### Working data
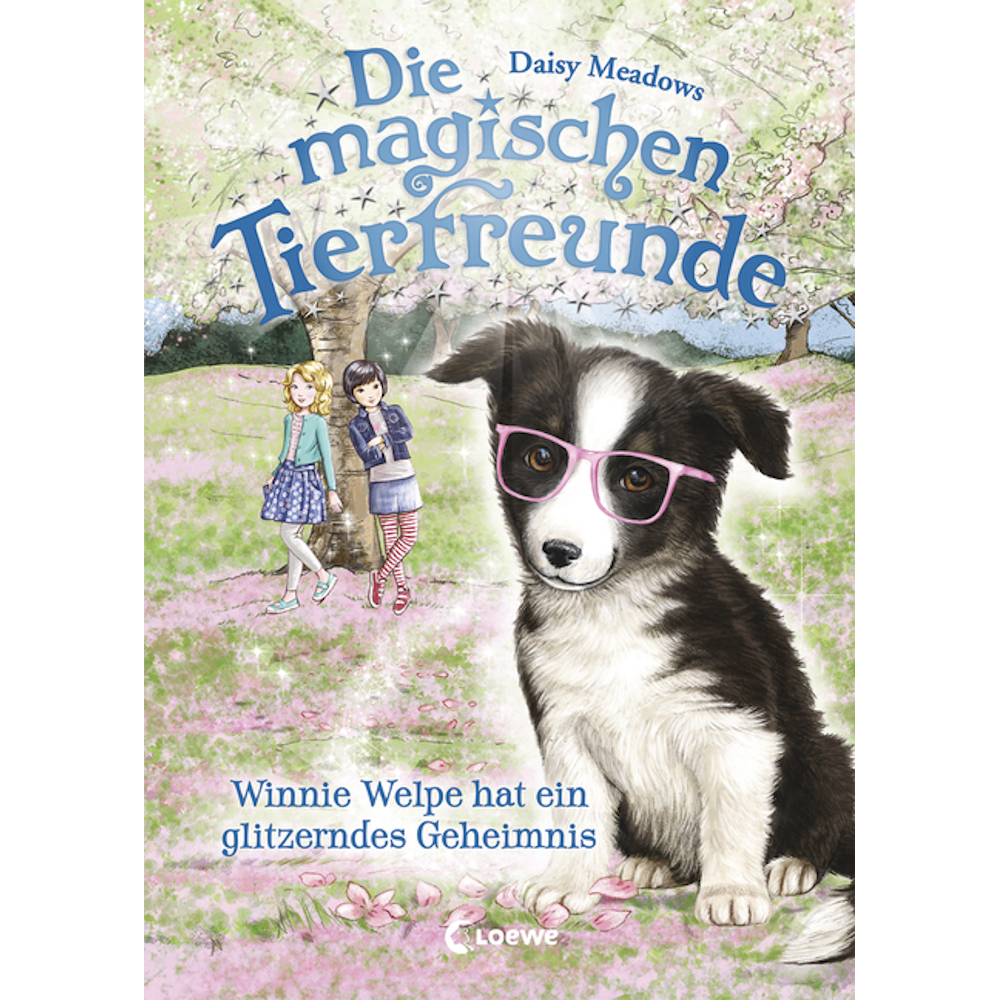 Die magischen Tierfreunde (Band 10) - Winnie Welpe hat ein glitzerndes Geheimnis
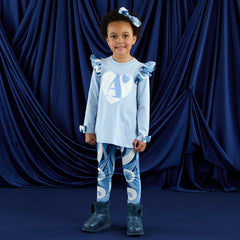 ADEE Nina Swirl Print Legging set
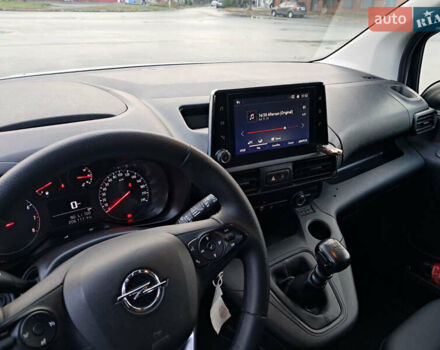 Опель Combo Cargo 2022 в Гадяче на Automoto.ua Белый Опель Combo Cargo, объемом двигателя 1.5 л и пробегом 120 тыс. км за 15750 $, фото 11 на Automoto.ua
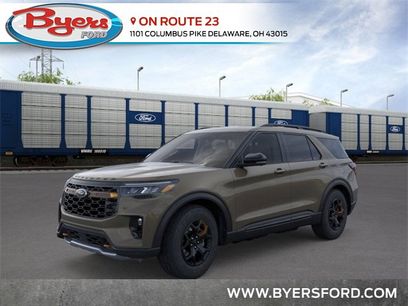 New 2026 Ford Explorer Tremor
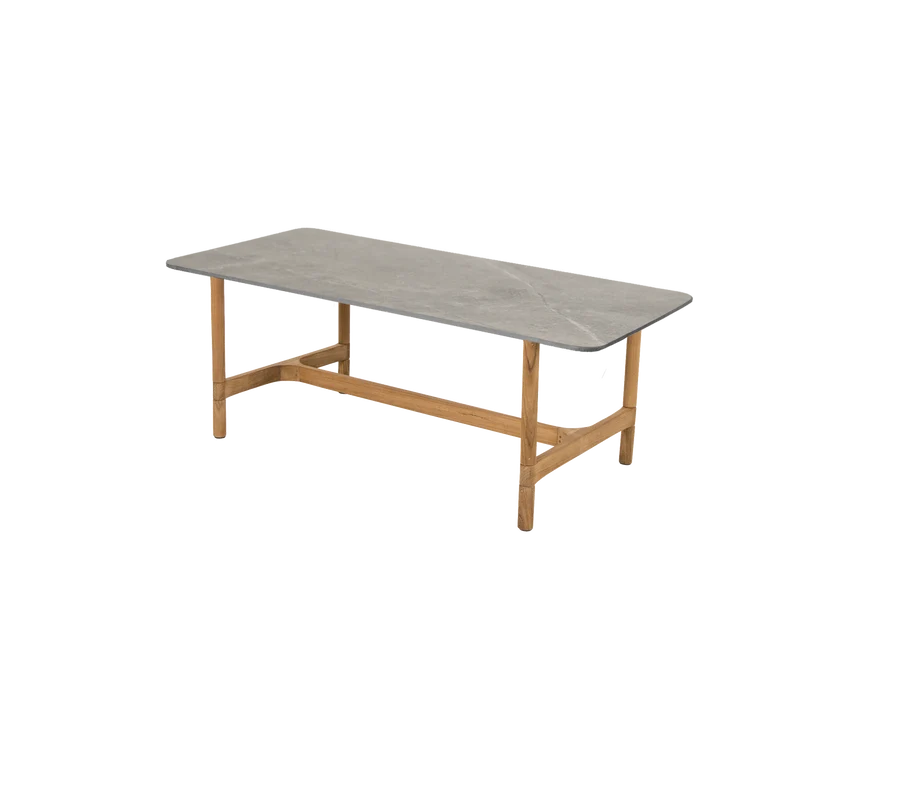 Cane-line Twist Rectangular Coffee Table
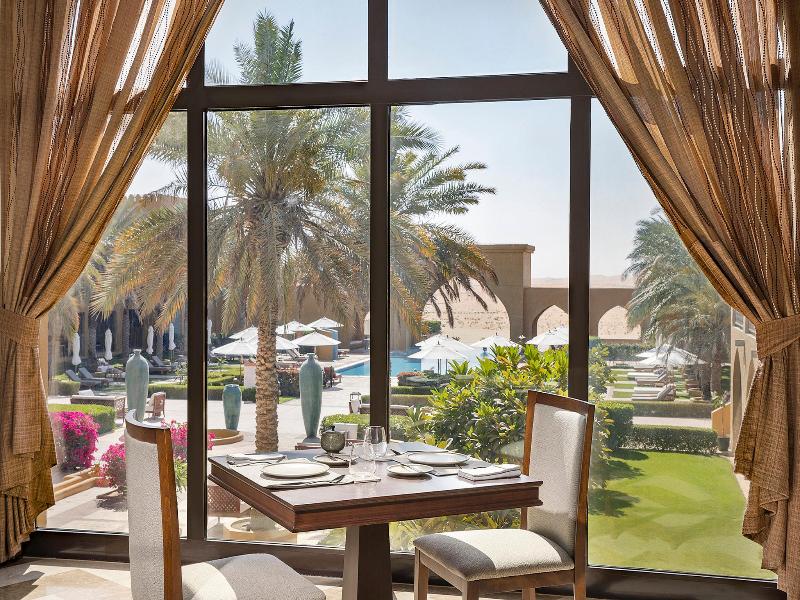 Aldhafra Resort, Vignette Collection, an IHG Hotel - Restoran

### What to work on
The whole listing must be restated word for word. Leave out any pictures.

### Your solution
 Die magischen Tierfreunde (Band 10) - Winnie Welpe hat ein glitzerndes Geheimnis
 ADEE Nina Swirl Print Legging set
 Опель Combo Cargo 2022 в Гадяче на Automoto.ua Белый Опель Combo Cargo, объемом двигателя 1.5 л и пробегом 120 тыс. км за 15750 $, фото 11 на Automoto.ua
 New 2026 Ford Explorer Tremor
 Cane-line Twist Rectangular Coffee Table
 Aldhafra Resort, Vignette Collection, an IHG Hotel - Restoran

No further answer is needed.